Malaysia MH17 bodies arrive home
The bodies of 20 Malaysian victims of Flight MH17 that crashed in Ukraine in July have arrived in Kuala Lumpur, as the nation holds a day of mourning. A specially chartered plane took off from Amsterdam and landed around 10:00 local time (02:00 GMT).
National flags will be flying at half-mast across the country and a minute of silence will be observed. Flight MH17 is believed to have been shot down by a missile fired by pro-Russian rebels. They deny the claim.
All 298 passengers and crew on board the Malaysia Airlines Boeing 777 died on 17 July. A small contingent of Malaysian soldiers marched up to the plane to escort the coffins as they are being unloaded.
Meanwhile, large white funeral hearses lined up on the tarmac to receive the bodies. All the coffins are draped in the national flag. Three of the 20 bodies have been cremated in the Netherlands.
The country’s public transportation, including the national rail system and Kuala Lumpur’s monorail, will also come to a standstill to observe two minutes of silence, said The New Straits Times. Toll booths on highways will have electronic signs urging drivers to alight from their vehicles.

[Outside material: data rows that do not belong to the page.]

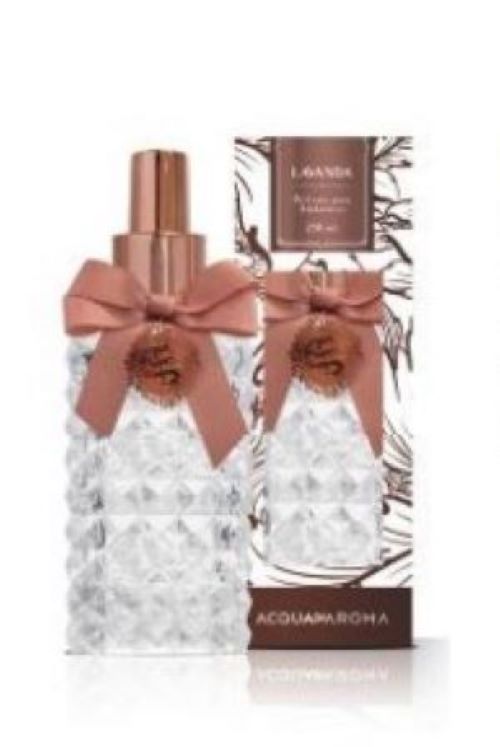 Perfume para Ambientes Acqua Aroma 250ml Lavanda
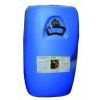 3176 3 general hydroponics bio essentials objem 60l pouze osobni odber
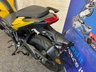 USED 2026 BENELLI BN 125 BN125 BRAND NEW 2026 2 YEAR WARRANTY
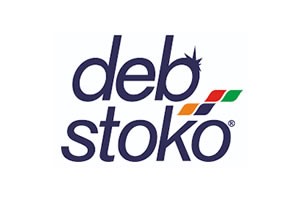 deb stoko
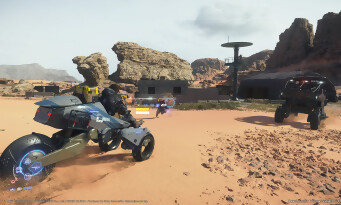 Death Stranding 2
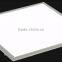 Ultra thin LED ceiling panel light for office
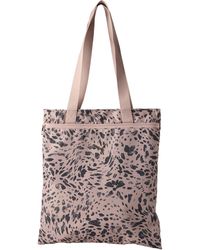 PUMA - Shopper Pop - Lyst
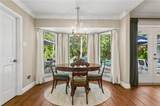 209 Durham Drive - Photo 11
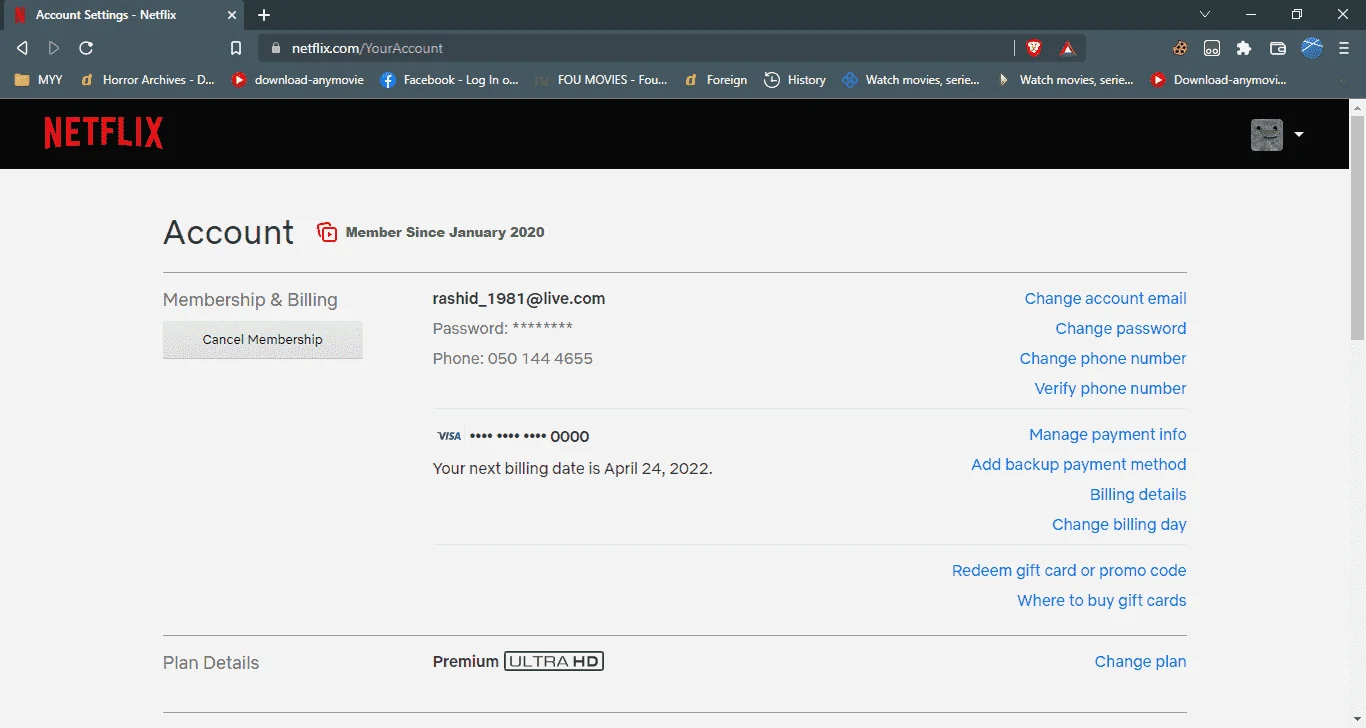 Screenshot_20220407-174847.png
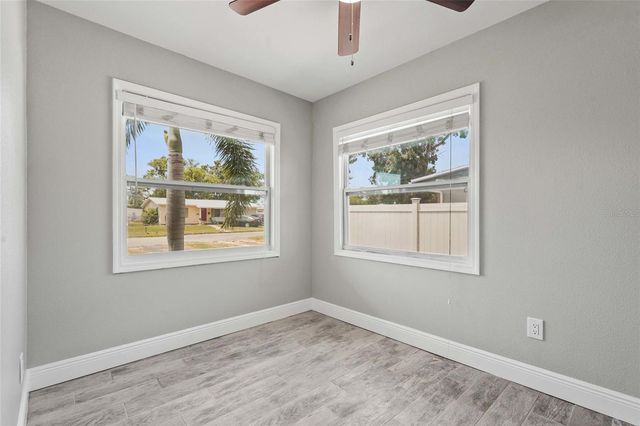 3102 16TH AVENUE W, Bradenton, FL 34205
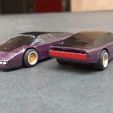 IMG-20210118-WA0005.jpg Dodge M4S Turbo Interceptor The Wraith 1/64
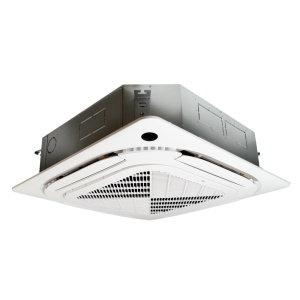 Изображение для товара MDV MDCD-48HRFN8 / MDOU-48HFN8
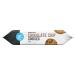 Happy Belly Premium Chocolate Chip Cookies 13 Ounce - Amazon Brand - Buy Online on GoSupps.com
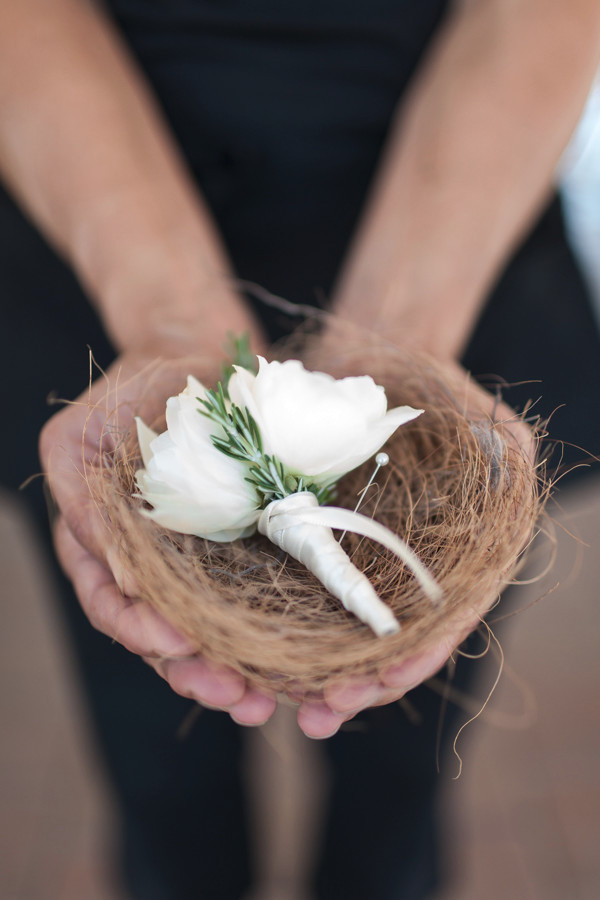 how-to-pick-the-perfect-wedding-florist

Both The New Straits Times and the Star newspapers have darkened their mastheads on their websites as a sign of respect. A Malaysia Airlines spokesman said the company would organise a prayer session, which would be made open to the public to offer their respects and prayers.
“Malaysia Airlines is deeply saddened by this devastating tragedy. It has been a long and painful wait for the families and friends of the passengers and crew onboard MH17,” said its spokesman.
The victims’ bodies will later be given to the their families and relatives to be laid to rest. This is the first time Malaysia is holding a national day of mourning for civilian victims.
The honour has traditionally been accorded only to the royal family and heads of government. Of those on board Flight MH17, 43 were Malaysian nationals.
So far 28 Malaysian victims have been identified in the Netherlands, which is leading an international investigation into the crash in eastern Ukraine. More than 200 coffins with remains of the victims have so far been taken to the Netherlands.
But the inquiry is being hampered by continuing fighting between Ukrainian government troops and pro-Russian rebels near the crash site.